* [Work to complete]:
Below are records; print only the lines from the line containing "Confident senior woman" to the end, both included, reproduced exactly and without the pictures.
START Data provided
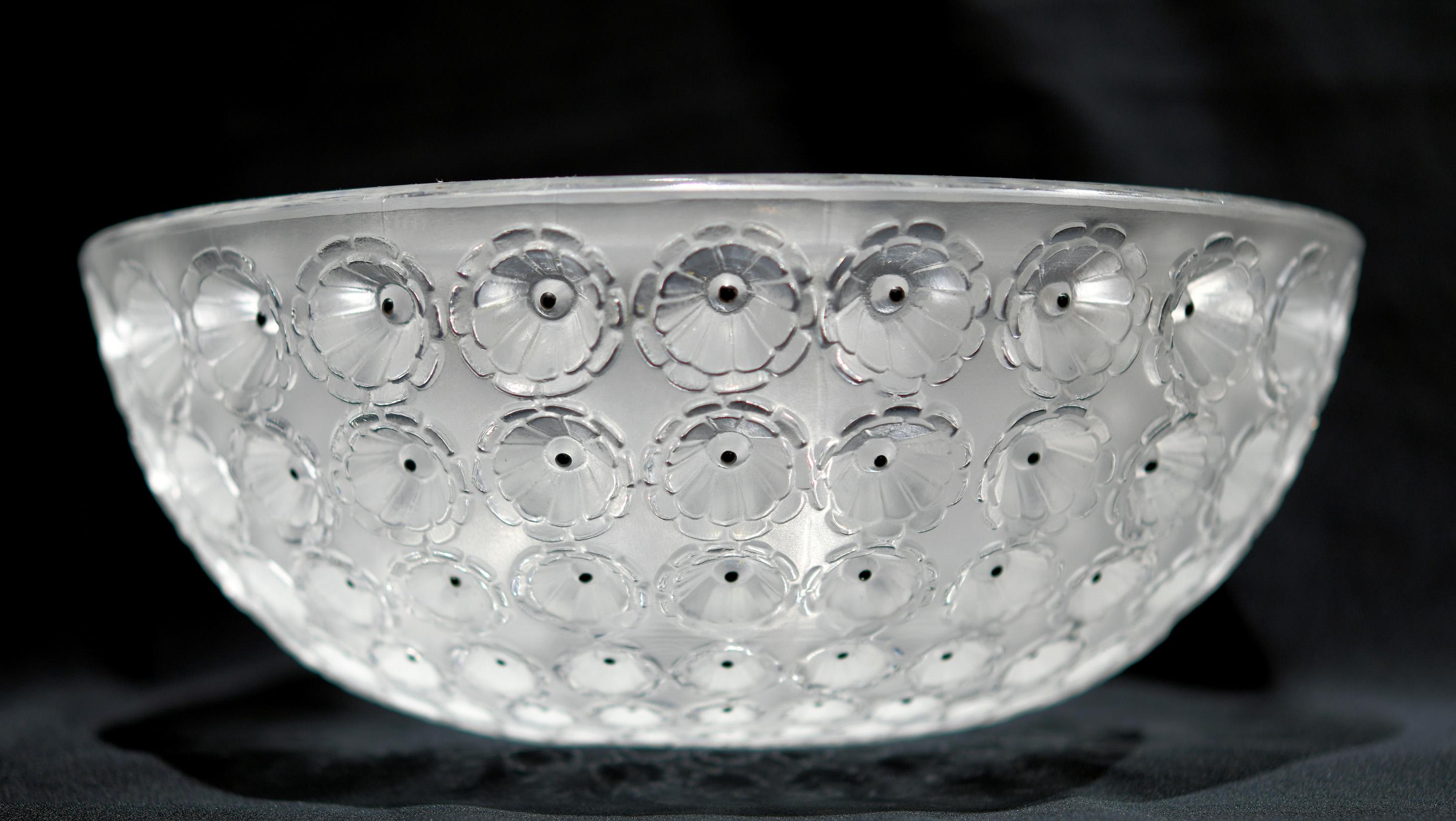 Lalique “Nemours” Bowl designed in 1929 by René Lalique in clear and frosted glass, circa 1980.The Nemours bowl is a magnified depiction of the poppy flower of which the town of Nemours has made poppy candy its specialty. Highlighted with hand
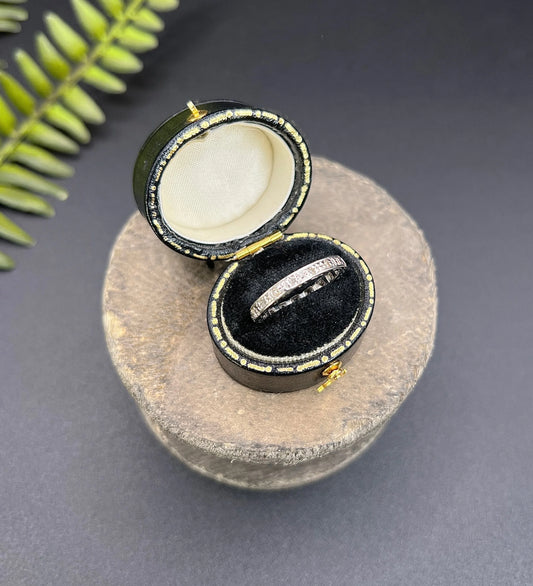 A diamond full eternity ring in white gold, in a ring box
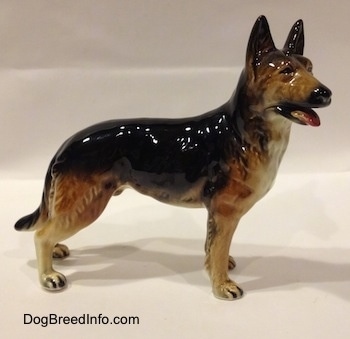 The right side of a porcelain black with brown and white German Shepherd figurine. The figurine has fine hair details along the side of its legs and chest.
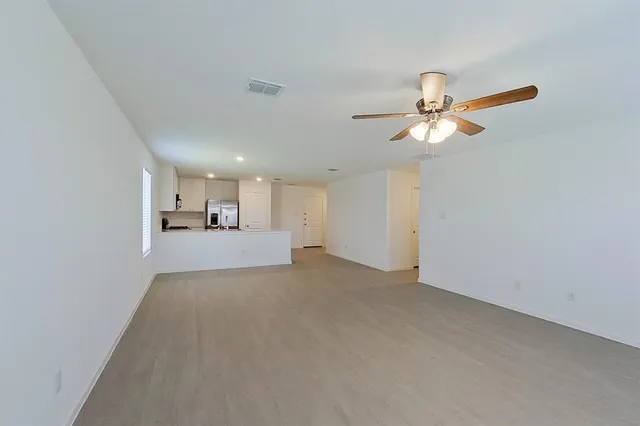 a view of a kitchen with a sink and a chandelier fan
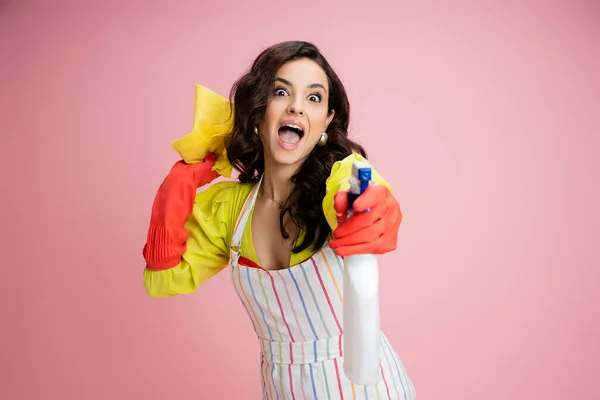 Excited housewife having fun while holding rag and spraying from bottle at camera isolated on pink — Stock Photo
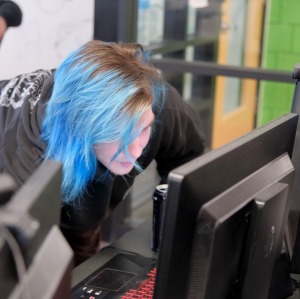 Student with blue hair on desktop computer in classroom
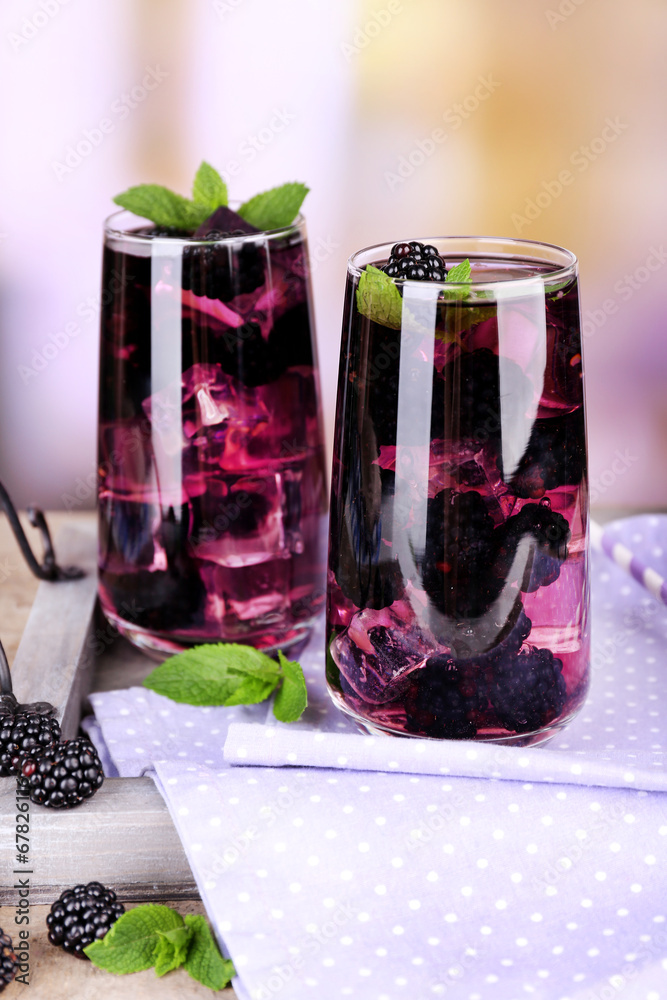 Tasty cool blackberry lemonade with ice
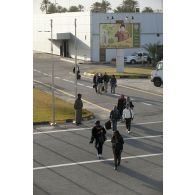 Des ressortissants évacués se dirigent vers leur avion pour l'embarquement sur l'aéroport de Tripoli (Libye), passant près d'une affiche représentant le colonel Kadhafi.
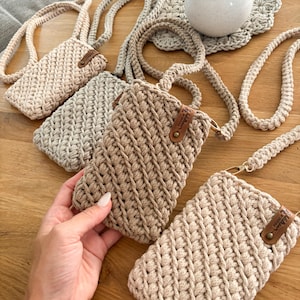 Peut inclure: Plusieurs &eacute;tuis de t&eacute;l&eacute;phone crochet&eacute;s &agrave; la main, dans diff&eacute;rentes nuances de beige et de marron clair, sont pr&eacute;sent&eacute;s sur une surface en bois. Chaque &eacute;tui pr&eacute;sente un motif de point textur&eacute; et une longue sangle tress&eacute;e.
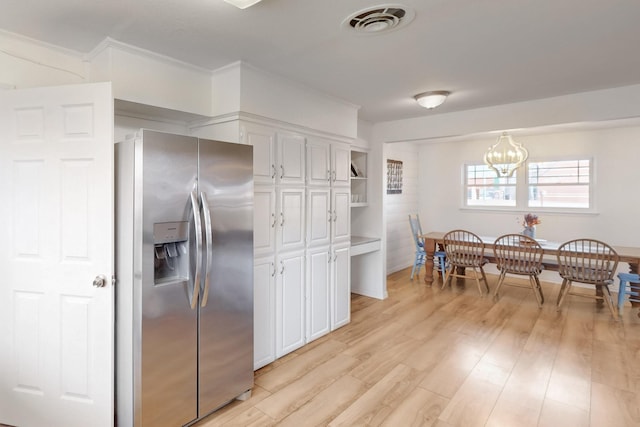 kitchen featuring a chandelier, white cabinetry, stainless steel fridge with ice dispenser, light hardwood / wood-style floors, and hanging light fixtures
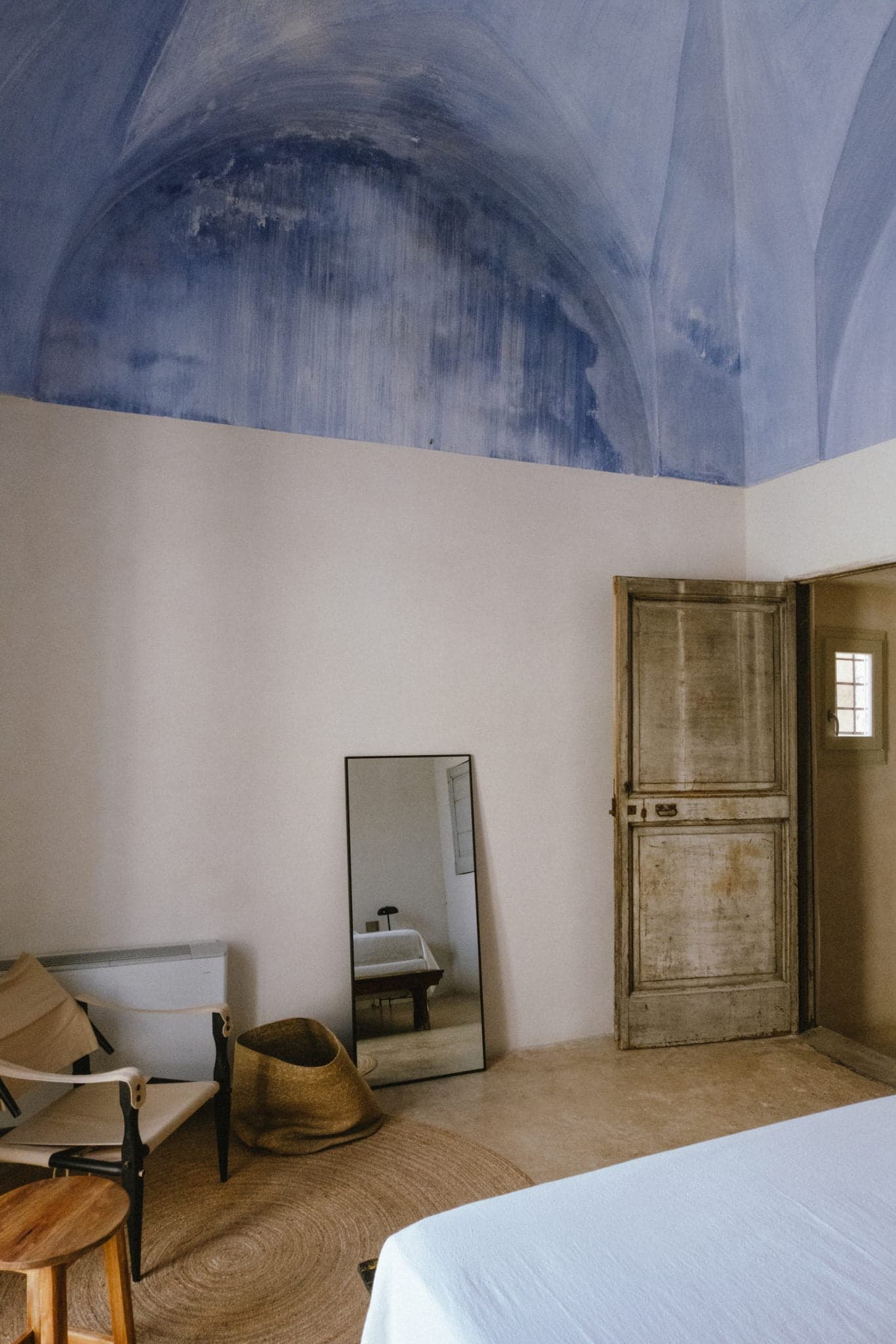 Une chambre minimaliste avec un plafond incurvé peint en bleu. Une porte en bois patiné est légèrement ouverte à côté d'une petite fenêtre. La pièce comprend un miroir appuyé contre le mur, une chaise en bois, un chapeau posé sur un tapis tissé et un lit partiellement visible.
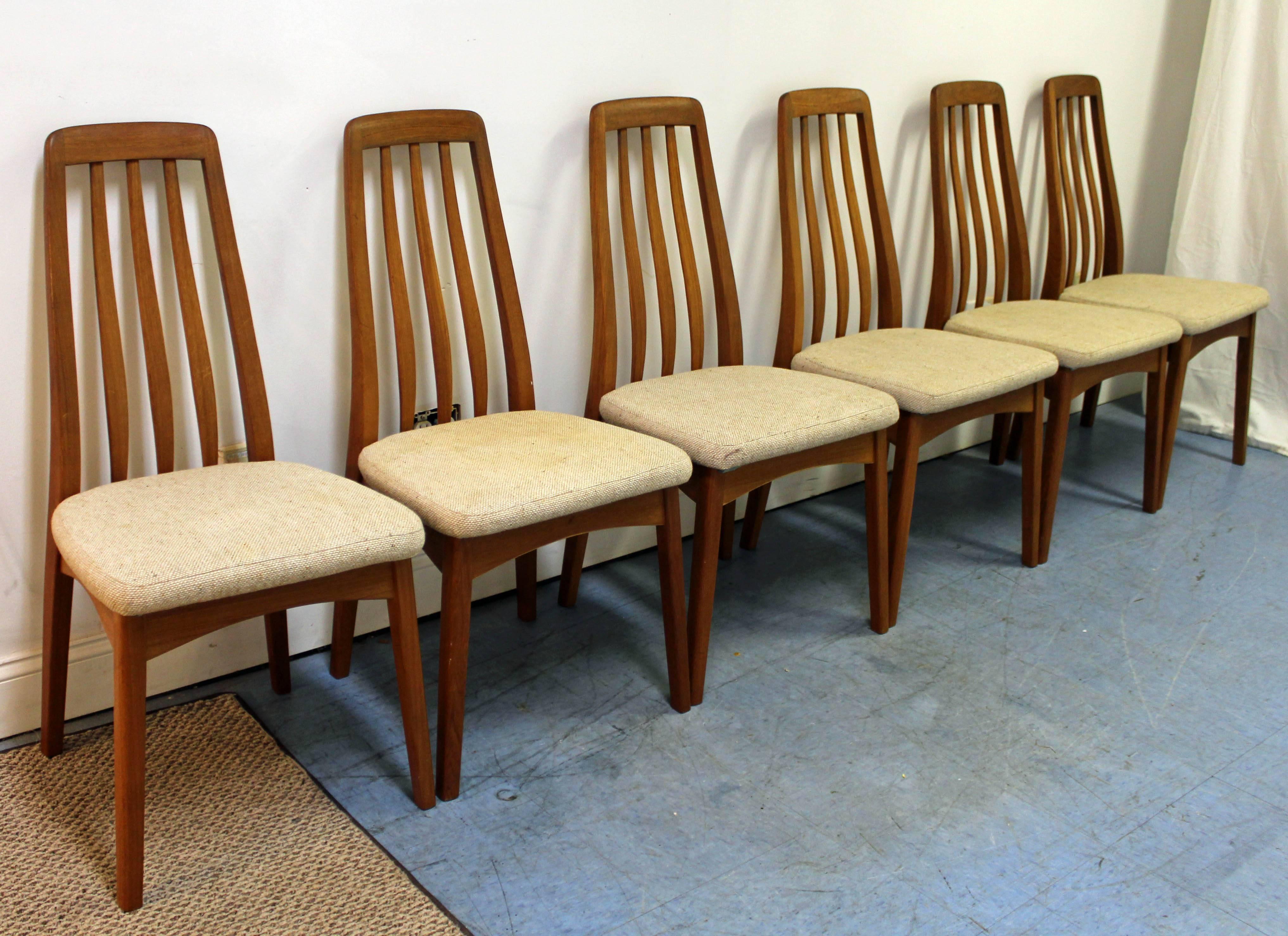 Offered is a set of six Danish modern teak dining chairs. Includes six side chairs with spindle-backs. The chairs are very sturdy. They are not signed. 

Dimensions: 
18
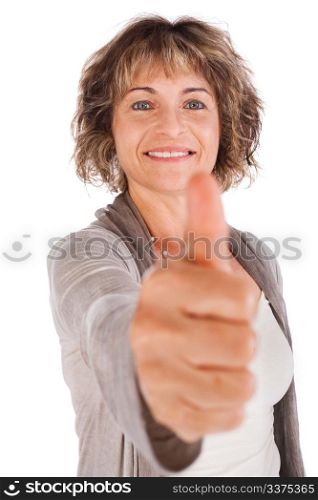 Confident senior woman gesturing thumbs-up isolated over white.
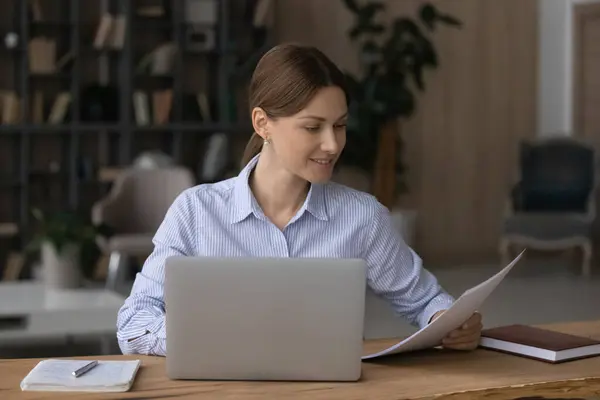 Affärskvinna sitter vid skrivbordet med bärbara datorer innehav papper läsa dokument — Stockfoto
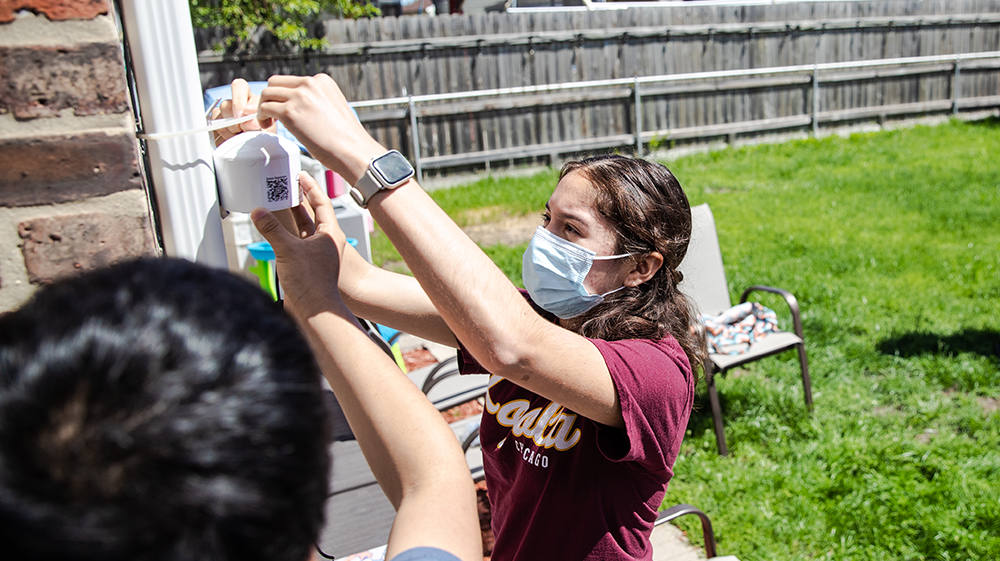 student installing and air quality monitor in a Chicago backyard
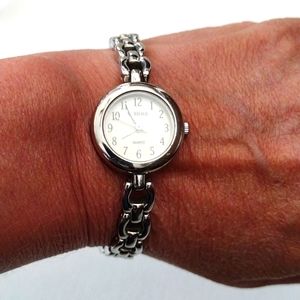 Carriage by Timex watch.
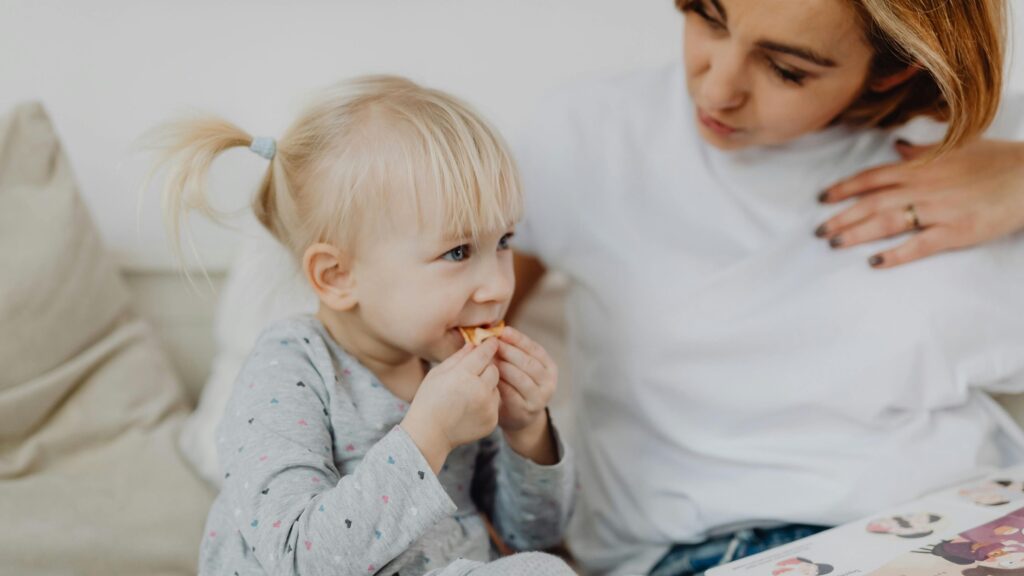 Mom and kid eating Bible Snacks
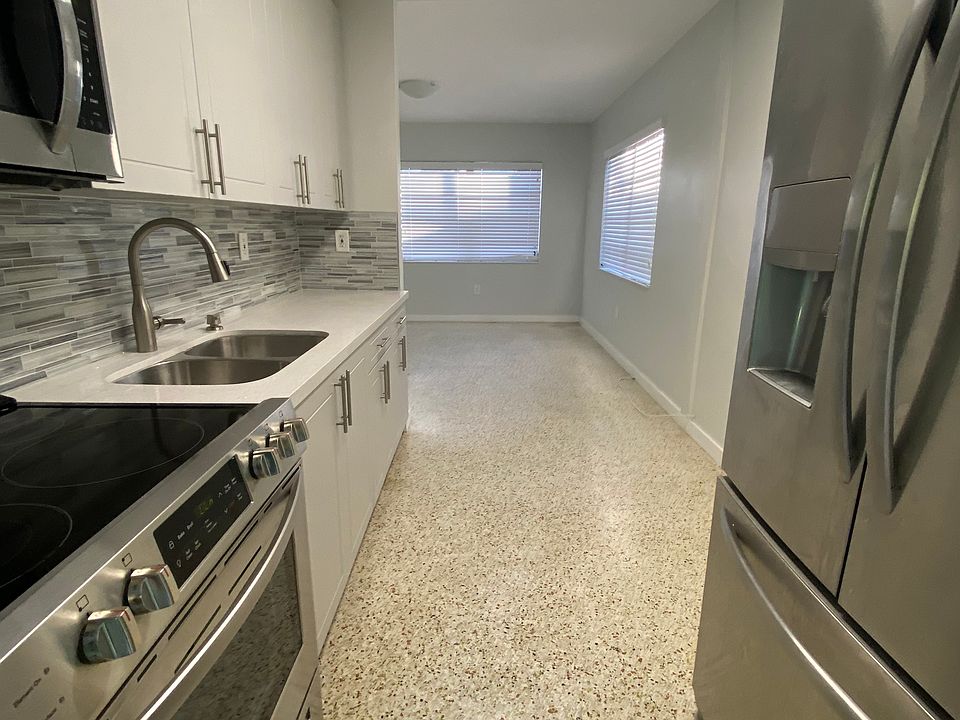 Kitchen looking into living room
END Data provided
* [Task output]:
 Confident senior woman gesturing thumbs-up isolated over white.
 Affärskvinna sitter vid skrivbordet med bärbara datorer innehav papper läsa dokument — Stockfoto
 student installing and air quality monitor in a Chicago backyard
 Carriage by Timex watch.
 Mom and kid eating Bible Snacks
 Kitchen looking into living room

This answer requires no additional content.